**DATASET EXTRACT**
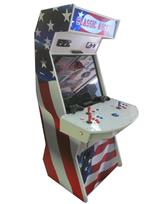 1044 2-player, blue buttons, red buttons, white buttons, blue trackball, white trim, classic arcade, america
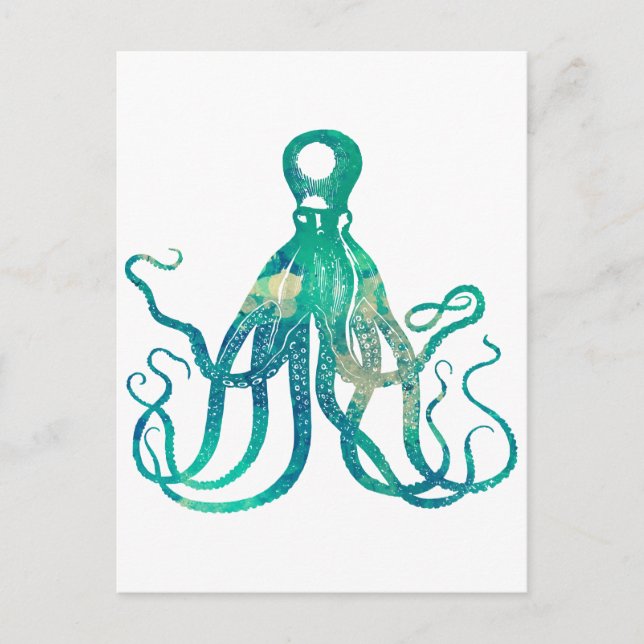 Octopus Watercolor Postcard (Front)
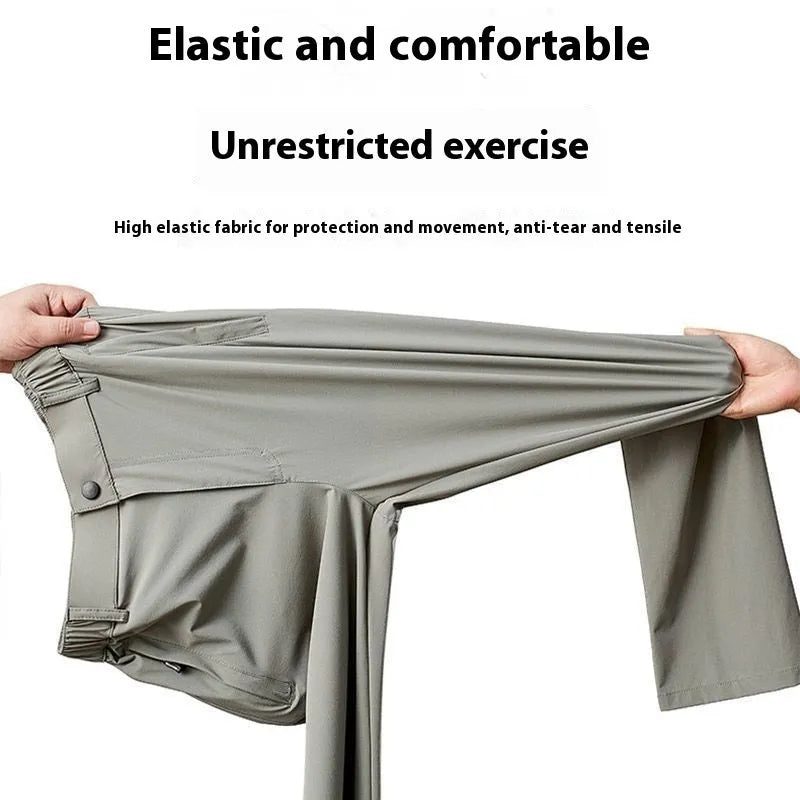 Men's black ice silk loose-fit straight-leg casual trousers with elasticated waist.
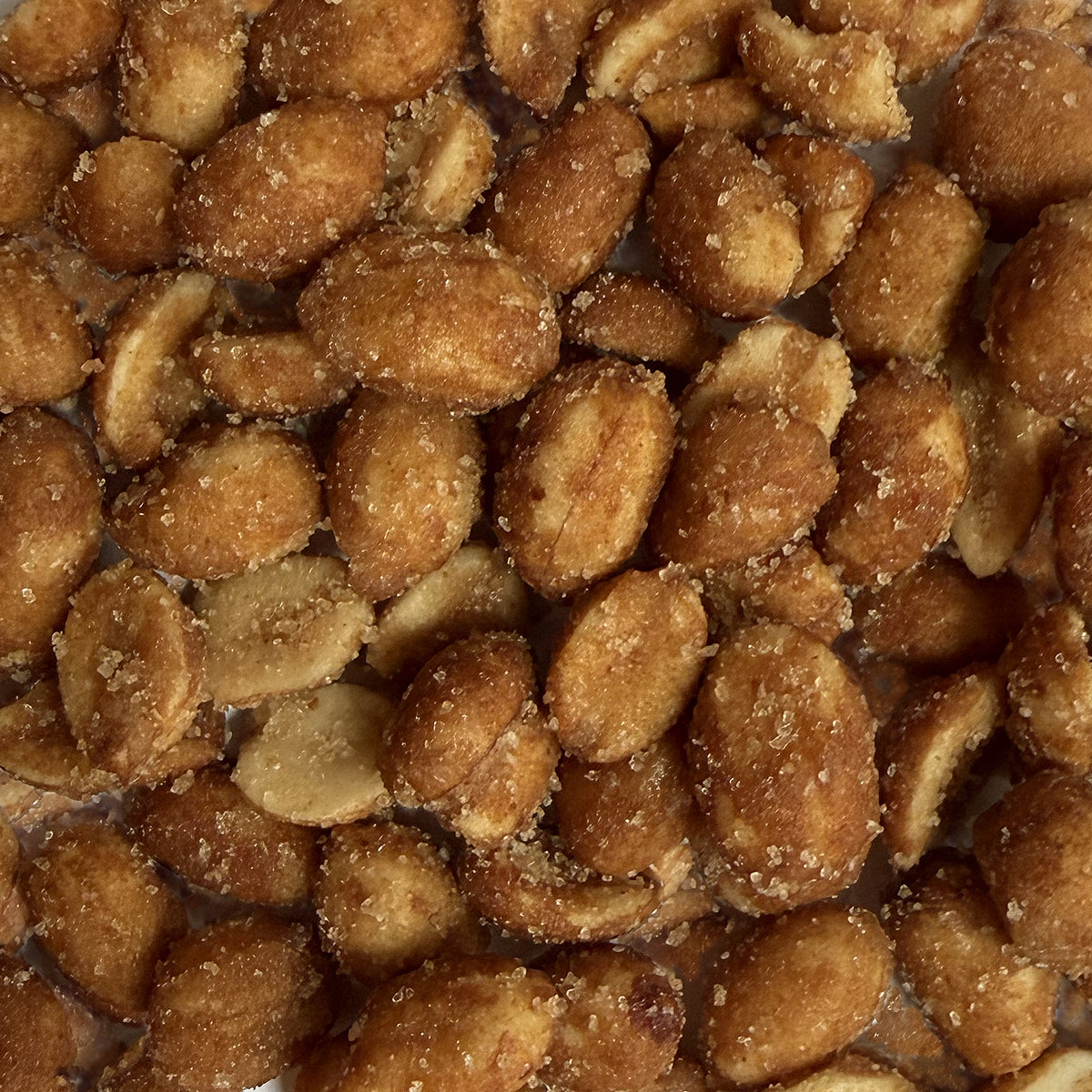 Close-up of Sweet & Smoky seasoned roasted peanuts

**TRY IT**
Everything in the data above, apart from the pictures, should be retyped exactly.

**REPLY**
 1044 2-player, blue buttons, red buttons, white buttons, blue trackball, white trim, classic arcade, america
 Octopus Watercolor Postcard (Front)
 Men's black ice silk loose-fit straight-leg casual trousers with elasticated waist.
 Close-up of Sweet & Smoky seasoned roasted peanuts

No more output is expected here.